[EXTRACTED INFORMATION]

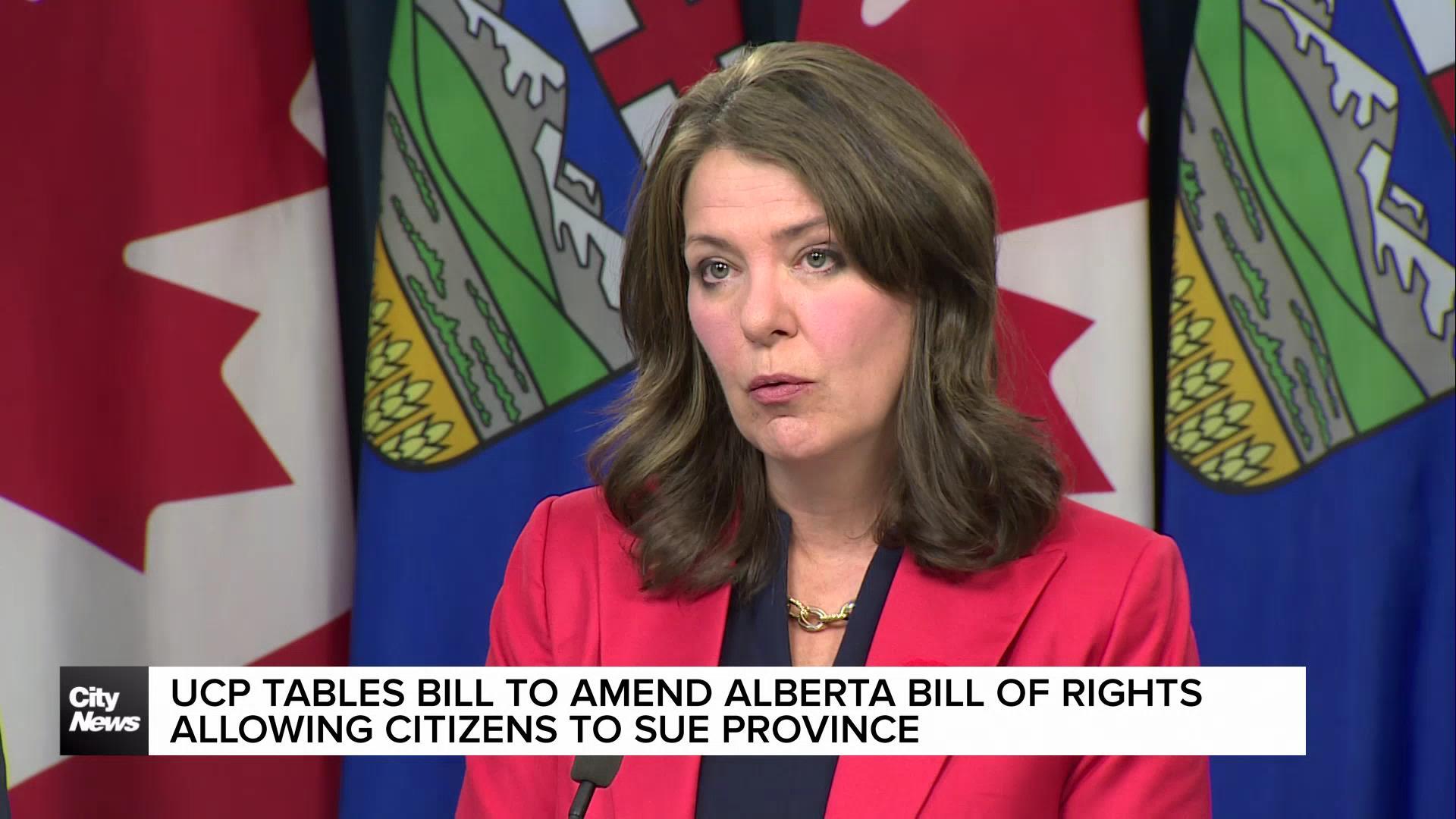 UCP introduces changes to Alberta Bill of Rights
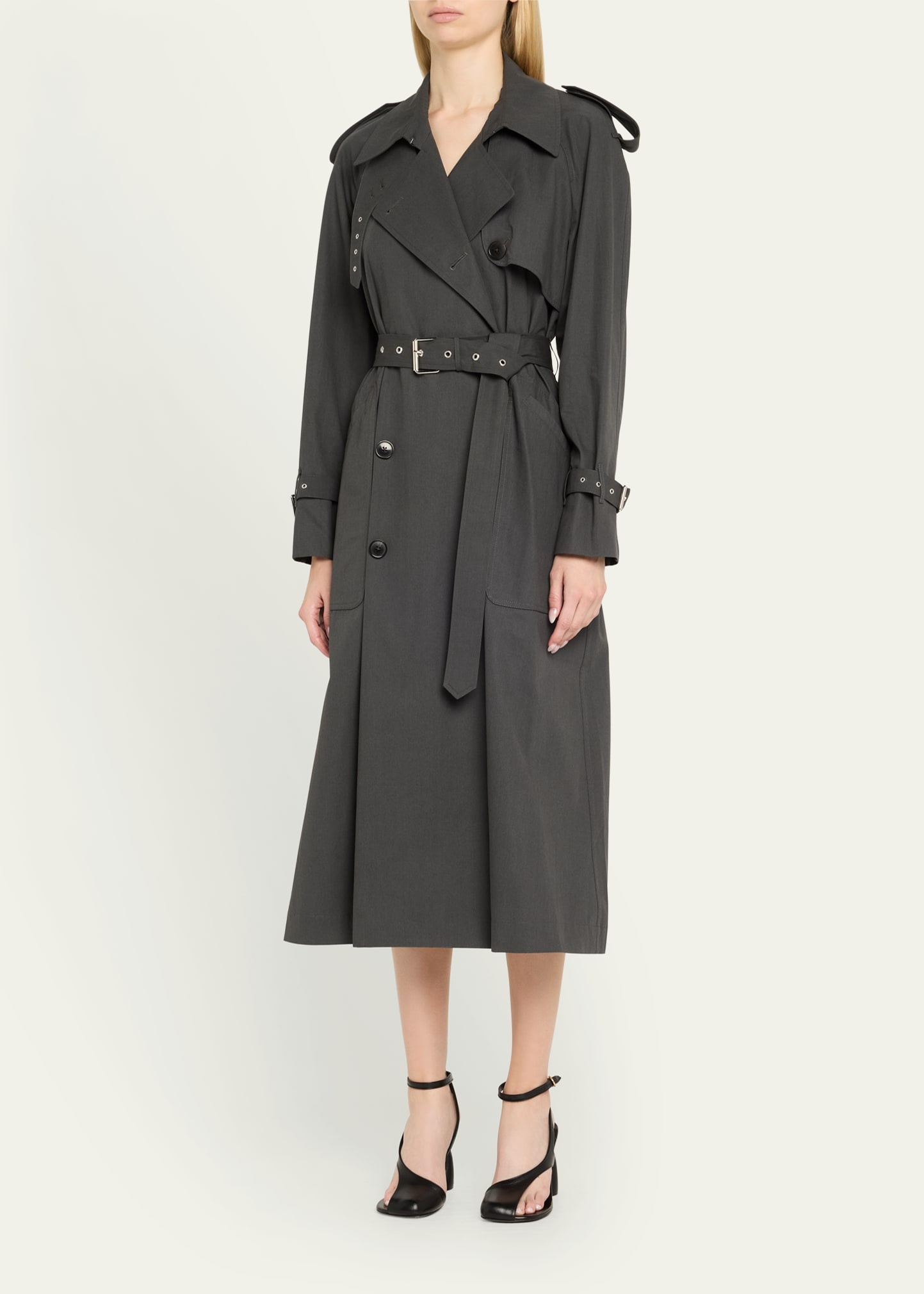 Risto Cotton Belted Trench Coat - 4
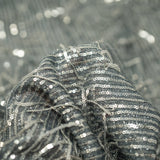 Shimmy Polyester Mesh With Dangle Sequin Fabric - Beige, Silver, Burgundy, Green, Black, 58/60" Width (1 Yard)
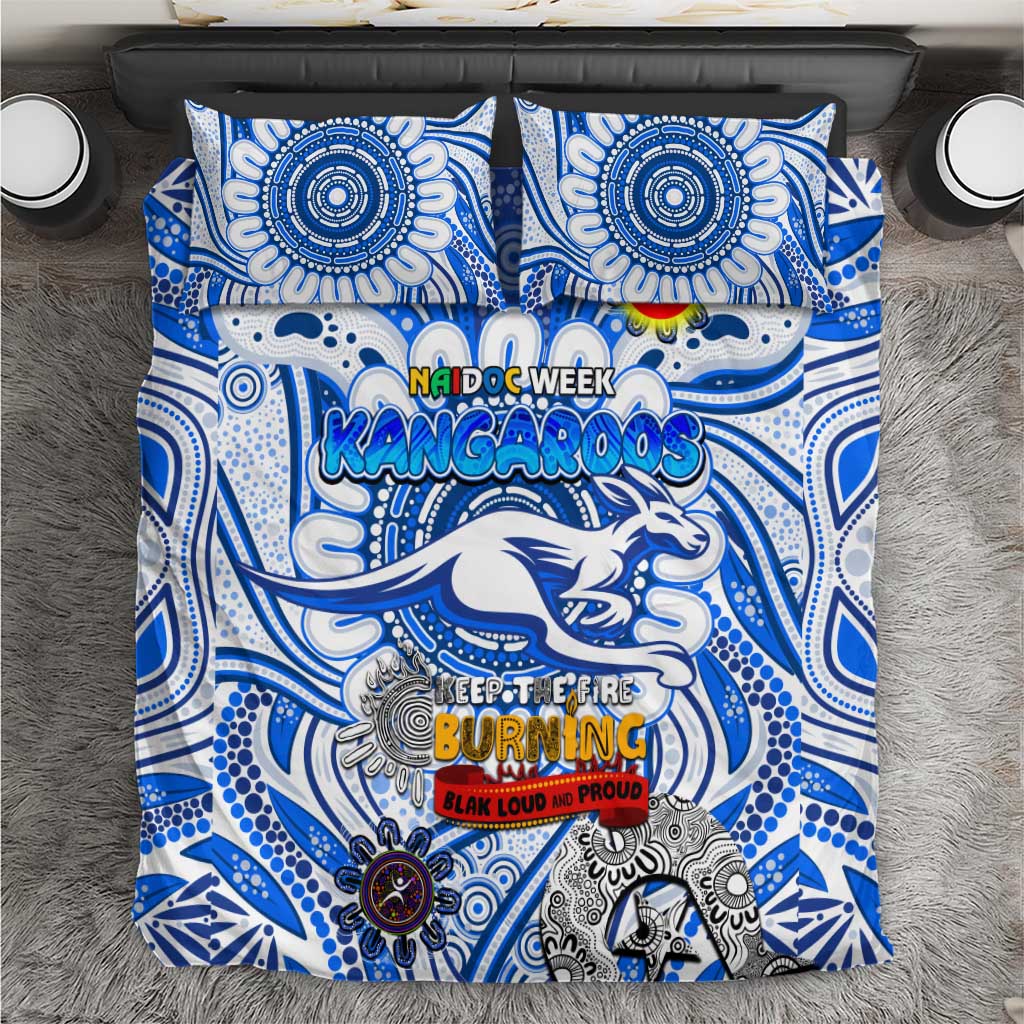 North Melbourne Kangaroos NAIDOC Week 2024 Bedding Set Mascot Football - Vibe Hoodie Shop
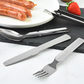 🌞Fris De Lente In Met 50% Korting!🥄4-in-1 Draagbare Bestekset van Roestvrij Staal – Vork, Lepel, Mes + Flessenopener, Compact & Lichtgewicht voor Picknick en Reizen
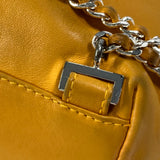 CHANEL Shoulder Bag Chain Backpack backpack bag CC COCO Mark purse lambskin Yellow type Women Used Authentic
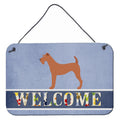 CarolineS Treasures Irish Terrier Welcome Metal Print, 8 Inch  Inch  X 12 Inch  Inch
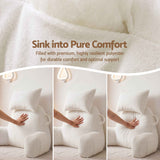 Giselle Bedding Reading Pillow with Detachable Neck Roll & Armrests Sit Up Pillow for Bed Back Support Pillow for Watching TV & Gaming Beige In Australia - Darrahopens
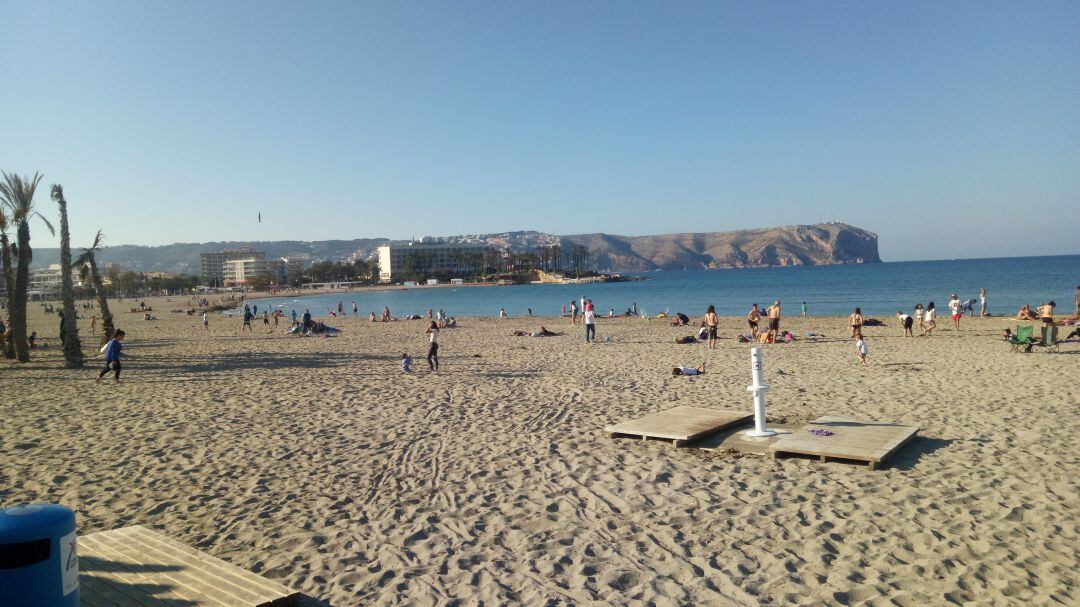 Imagen de archivo de la playa del Arenal en Xàbia.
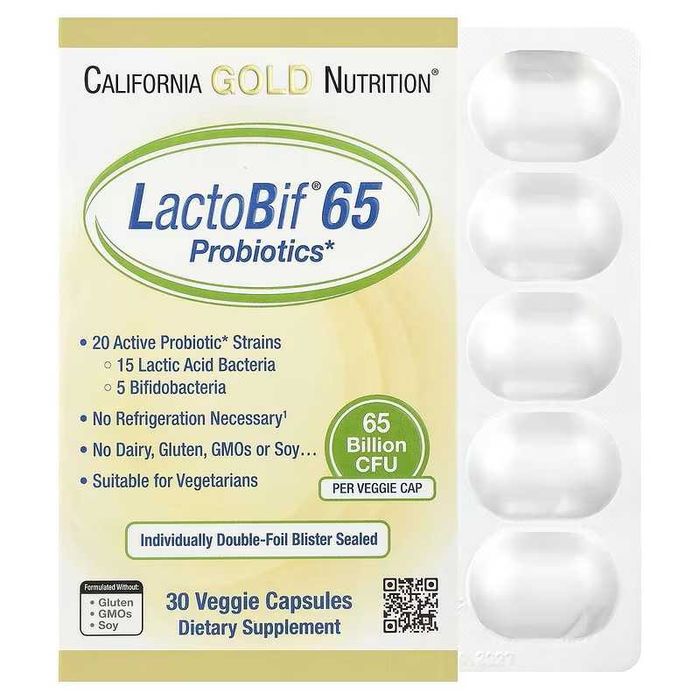 California Gold LactoBif 30 LactoBif 5 LactoBif 65 LactoBif 100
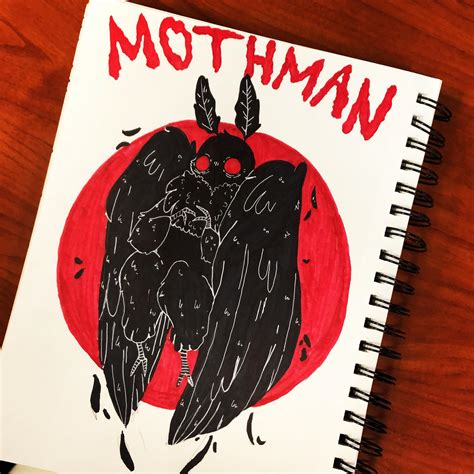 Mothman Drawing I Did Rcryptids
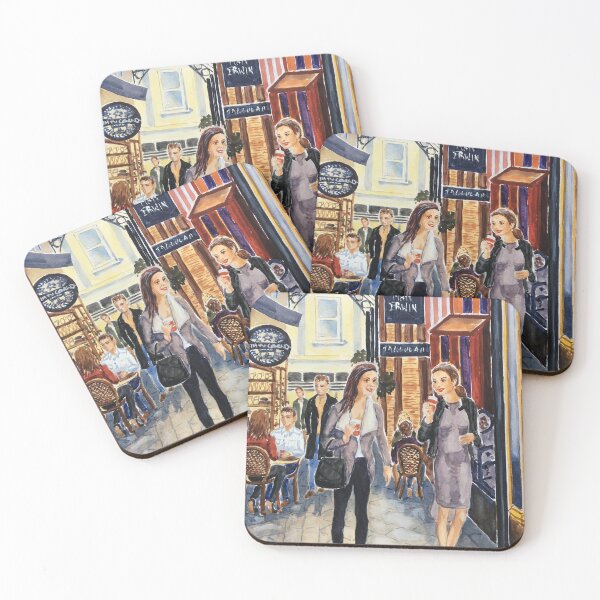 Item preview, Enjoying coffee, 2021 designed and sold by Virginia  Coghill.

[/EXTRACTED INFORMATION]

## PROBLEM STATEMENT
The entries are to be reproduced exactly, excluding any pictures they contain.

## ANSWER SPACE
 UCP introduces changes to Alberta Bill of Rights
 Risto Cotton Belted Trench Coat - 4
 Shimmy Polyester Mesh With Dangle Sequin Fabric - Beige, Silver, Burgundy, Green, Black, 58/60" Width (1 Yard)
 North Melbourne Kangaroos NAIDOC Week 2024 Bedding Set Mascot Football - Vibe Hoodie Shop
 🌞Fris De Lente In Met 50% Korting!🥄4-in-1 Draagbare Bestekset van Roestvrij Staal – Vork, Lepel, Mes + Flessenopener, Compact & Lichtgewicht voor Picknick en Reizen
 CHANEL Shoulder Bag Chain Backpack backpack bag CC COCO Mark purse lambskin Yellow type Women Used Authentic
 CarolineS Treasures Irish Terrier Welcome Metal Print, 8 Inch  Inch  X 12 Inch  Inch
 Giselle Bedding Reading Pillow with Detachable Neck Roll & Armrests Sit Up Pillow for Bed Back Support Pillow for Watching TV & Gaming Beige In Australia - Darrahopens
 Imagen de archivo de la playa del Arenal en Xàbia.
 California Gold LactoBif 30 LactoBif 5 LactoBif 65 LactoBif 100
 Mothman Drawing I Did Rcryptids
 Item preview, Enjoying coffee, 2021 designed and sold by Virginia  Coghill.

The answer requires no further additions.